Brown Bag Series with Professor Allen Isaacman

The Interdisciplinary Center for the study of Global Change is holding the Brown Bag Series this week entitled "Cahora Bassa: Extending South Africa's Tentacles of Empire 1965-2013." It will be held on Friday, October 25 at 12:00pm in 437 Heller Hall. It will be presented by Professor Allen Isaacman.

Abstract:
In 1965, when Portugal proposed constructing a dam at Cahora Bassa, colonial officials envisioned that numerous benefits would flow from the US$515 million hydroelectric project and the managed environment it would produce. However, during the period of construction, the growing success of the liberation struggle against Portuguese colonialism in Mozambique turned the dam into a focal point in a larger regional struggle, and Cahora Bassa became a security project, which the minority regime in South Africa and the Salazar dictatorship in Portugal masked as a development initiative.
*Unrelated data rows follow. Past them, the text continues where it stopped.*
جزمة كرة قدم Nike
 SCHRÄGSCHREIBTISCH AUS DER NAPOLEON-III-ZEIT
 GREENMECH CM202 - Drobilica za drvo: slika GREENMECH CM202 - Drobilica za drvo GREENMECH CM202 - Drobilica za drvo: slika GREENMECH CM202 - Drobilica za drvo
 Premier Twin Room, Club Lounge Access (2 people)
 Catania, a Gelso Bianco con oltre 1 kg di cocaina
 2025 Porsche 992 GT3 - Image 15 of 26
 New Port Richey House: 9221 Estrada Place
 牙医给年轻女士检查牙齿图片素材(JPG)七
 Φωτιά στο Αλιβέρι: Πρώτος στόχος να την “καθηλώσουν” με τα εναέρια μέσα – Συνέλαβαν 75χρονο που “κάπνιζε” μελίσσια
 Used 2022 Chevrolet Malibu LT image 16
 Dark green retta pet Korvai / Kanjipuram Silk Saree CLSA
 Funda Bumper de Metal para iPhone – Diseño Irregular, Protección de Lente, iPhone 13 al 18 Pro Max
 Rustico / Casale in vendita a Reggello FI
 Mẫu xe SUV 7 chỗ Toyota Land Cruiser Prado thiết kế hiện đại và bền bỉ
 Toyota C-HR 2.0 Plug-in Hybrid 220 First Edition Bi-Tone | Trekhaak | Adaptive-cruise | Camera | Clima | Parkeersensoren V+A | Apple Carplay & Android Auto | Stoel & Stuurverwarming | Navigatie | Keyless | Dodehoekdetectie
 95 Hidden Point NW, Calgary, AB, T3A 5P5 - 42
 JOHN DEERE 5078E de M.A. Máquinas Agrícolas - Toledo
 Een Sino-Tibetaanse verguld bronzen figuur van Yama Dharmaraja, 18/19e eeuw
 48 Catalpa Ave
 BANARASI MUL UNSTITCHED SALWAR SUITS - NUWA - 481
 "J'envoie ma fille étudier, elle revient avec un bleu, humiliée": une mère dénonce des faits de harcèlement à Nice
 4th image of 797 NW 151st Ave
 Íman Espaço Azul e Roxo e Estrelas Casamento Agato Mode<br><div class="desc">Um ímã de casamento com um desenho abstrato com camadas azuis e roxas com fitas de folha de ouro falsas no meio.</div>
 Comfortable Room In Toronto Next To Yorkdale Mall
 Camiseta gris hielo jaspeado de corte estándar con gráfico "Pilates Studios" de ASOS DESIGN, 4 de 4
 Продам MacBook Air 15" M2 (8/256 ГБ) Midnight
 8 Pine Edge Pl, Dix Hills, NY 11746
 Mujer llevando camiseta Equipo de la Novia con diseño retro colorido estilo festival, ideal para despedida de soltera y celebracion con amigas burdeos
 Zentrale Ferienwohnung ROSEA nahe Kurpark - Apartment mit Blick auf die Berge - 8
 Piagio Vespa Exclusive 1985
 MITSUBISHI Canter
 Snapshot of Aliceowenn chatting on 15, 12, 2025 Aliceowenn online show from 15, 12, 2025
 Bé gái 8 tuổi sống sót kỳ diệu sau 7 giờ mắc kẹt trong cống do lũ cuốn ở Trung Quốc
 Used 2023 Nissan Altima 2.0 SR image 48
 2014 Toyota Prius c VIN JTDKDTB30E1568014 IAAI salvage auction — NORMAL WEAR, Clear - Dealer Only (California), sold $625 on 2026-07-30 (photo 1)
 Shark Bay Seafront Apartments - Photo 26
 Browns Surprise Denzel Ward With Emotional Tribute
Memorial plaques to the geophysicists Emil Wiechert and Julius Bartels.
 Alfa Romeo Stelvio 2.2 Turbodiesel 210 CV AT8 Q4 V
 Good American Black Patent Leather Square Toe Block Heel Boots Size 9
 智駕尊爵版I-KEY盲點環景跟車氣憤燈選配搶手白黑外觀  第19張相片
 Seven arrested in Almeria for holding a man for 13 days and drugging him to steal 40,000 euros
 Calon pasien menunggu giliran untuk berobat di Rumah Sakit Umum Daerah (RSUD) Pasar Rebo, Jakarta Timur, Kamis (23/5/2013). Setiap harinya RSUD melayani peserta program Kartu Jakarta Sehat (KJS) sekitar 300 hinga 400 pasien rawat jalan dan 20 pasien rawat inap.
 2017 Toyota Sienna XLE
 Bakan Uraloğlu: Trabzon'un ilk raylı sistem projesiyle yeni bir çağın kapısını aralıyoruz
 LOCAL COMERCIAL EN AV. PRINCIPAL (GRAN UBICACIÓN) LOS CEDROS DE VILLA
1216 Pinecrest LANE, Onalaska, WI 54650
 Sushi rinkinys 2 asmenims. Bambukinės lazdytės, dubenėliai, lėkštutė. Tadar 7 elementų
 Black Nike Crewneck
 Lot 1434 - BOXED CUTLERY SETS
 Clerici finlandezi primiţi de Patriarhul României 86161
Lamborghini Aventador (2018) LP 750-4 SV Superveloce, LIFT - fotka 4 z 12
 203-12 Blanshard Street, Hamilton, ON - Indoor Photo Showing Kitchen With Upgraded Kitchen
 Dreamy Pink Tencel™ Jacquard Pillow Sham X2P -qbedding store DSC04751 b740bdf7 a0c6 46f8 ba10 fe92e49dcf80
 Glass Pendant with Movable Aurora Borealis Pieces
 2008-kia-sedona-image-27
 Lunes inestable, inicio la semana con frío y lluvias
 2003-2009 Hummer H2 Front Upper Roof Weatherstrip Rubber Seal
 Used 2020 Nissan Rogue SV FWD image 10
Both viewed the dam and its connected lake as a powerful buffer that would block the advance of FRELIMO (Frente de Libertação de Moçambique) forces and, by extension, the African National Congress, since they feared that, were FRELIMO and its allies able to cross the Zambezi River, they would have relatively easy access to both the two major colonial cities of Beira and Lourenço Marques and the South Africa frontier. The agreement enabled the apartheid regime to extend its influence well beyond southern Mozambique, where it had been a dominant force since the middle of the nineteenth century. Its tentacles of empire now reached north from its de-facto labor reserve in southern Mozambique and its dominance at the port of Lourenço Marques to the dam site in very heart of the colony, some nine hundred kilometers away. Allowing South Africa to expand into the Mozambican hinterhand was just the latest example of the financially strapped Portuguese state's "outsourcing of empire."